The easiest way to avoid taking the financial hit (and let someone else absorb it) is to purchase a used vehicle. Dealerships typically sell used vehicles after they have inspected and certified them to be functional, and you can potentially get a warranty with it to protect your purchase from potential defects further.
To potentially save even more, you can buy a used vehicle from online marketplaces like Facebook Marketplace, Offerup, or Craigslist. There’s nothing wrong with going this route, but it’s advised to have the car inspected by a mechanic before you buy the vehicle. Ensure that the owner has the title, and fill out any other necessary state documentation.
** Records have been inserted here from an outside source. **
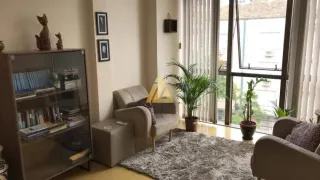 Sala comercial, foto 1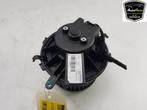 KACHEL VENTILATORMOTOR Peugeot Boxer (U9) (01-2006/12-2023), Gebruikt, Peugeot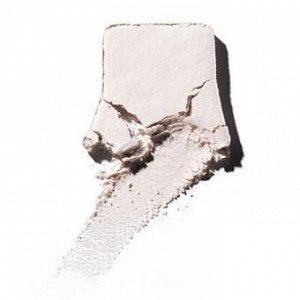 Тени д/век Catrice Highlighting eyeshadow 010 белый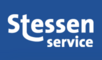 stessen_service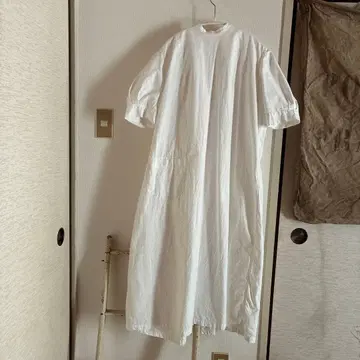 indubitably 프랑스 앤티크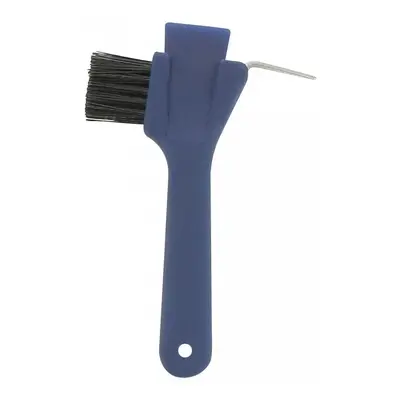 Abrillantador de herraduras 3 en 1 Hippotonic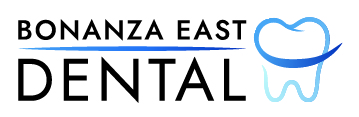 Dental Insurance Financing Las Vegas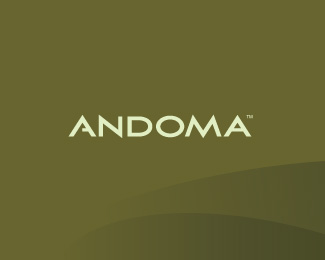 Andoma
Shop Your Insurance Around
Car insurance is a necessary cost to protect you in case you get in an accident, and there are dozens of insurers out there that want your business.
If you haven’t looked at your insurance policy coverage and cost recently, there may be an opportunity for you to save money. A recent LendingTree study showed 92% of people who switched car insurance carriers saved money. And of those who switched, 63% saved over $100 or more per year.
Pro tip: If you find a better insurance policy, you can cancel your current policy and receive a prorated refund. Be sure to speak with the insurance agent to ensure you don’t have a lapse in coverage.
Avoid Car Loans, or Keep Your Interest to a Minimum
Whenever you can, it’s best to pay for a car in full. A vehicle is a depreciating asset, and having a loan attached to a depreciating asset only furthers your losses.
For example, if you buy a $20,000 car in full, your losses end there on the price of the car. With a loan, you will pay interest, along with potential fees from the lender. And paying more for a depreciating asset like a car puts the brakes on your wealth building journey.
If you aren’t able to pay for a vehicle in full, that’s okay. A car loan can be helpful to spread payments out and minimize the financial hit. Here are a few things you can do to minimize your loan costs:
Shop around: There are many banks, credit unions, and other financial institutions offering car loans. By shopping around, you can compare and find the best interest rate and loan terms. One LendingTree study showed shopping around could save consumers over $2,300.
Pay off your loan as quick as possible: You never want to end up in a situation where you owe more on a car than its worth. This is called being “underwater” or “upside down.”
Consider refinancing: If interest rates come down, or you’re able to improve your credit score and qualify for a lower interest rate, refinancing into a new loan could cut your loan costs down. Caribou can help you refinance your existing auto loan into a new one, potentially saving you on your loan costs.
Shop Maintenance Costs Around
No matter the vehicle you purchase, there will be regular maintenance needed. You will need oil changes, filters replaced, tires changed and rotated, and much more.
Before running straight to the dealership (which can sometimes be the most expensive option), consider looking into local repair shops as well as national chains like Jiffy Lube, Discount Tire, and Firestone. These brands run specials and sometimes offer coupons to drop the cost even more.
Be Mindful of Your Fuel (or Charging Costs)
Fuel (or electricity if you're driving an EV) will always be a recurring cost. Americans are spending roughly $200 per month on gas. It’s hard to estimate how much EV drivers spend on charging, but the average cost of charging at home is $56 per month.
Regardless of how you need to fuel your car, here are a few easy ways to save.
Use GasBuddy to find the cheapest gas in your area.
Use PlugShare to find chargers in your area (even free ones).
If you drive often, consider signing up for a warehouse club like Costco or Sam’s Club. They often have cheaper gas compared to other local gas stations.
Consider using a cash back credit card that offers additional rebates on your fuel, or EV charging costs
Keep Your Car as Long as Possible
The smartest way to save on a car isn’t trading up every few years—it’s holding onto it. Keeping a car longer spreads that depreciation across more years. Stretching ownership from five to ten years can halve your annual depreciation, turning $4,680 into about $2,340. Even with rising maintenance costs, this is usually cheaper than the costs of a new car—down payments, higher insurance, and renewed depreciation.
And now, cars can easily last over a decade. The average of cars on the road today is just under 13 years. So whether you decide to buy used or new, do your best to keep your vehicle as long as possible to spread the cost of depreciation out.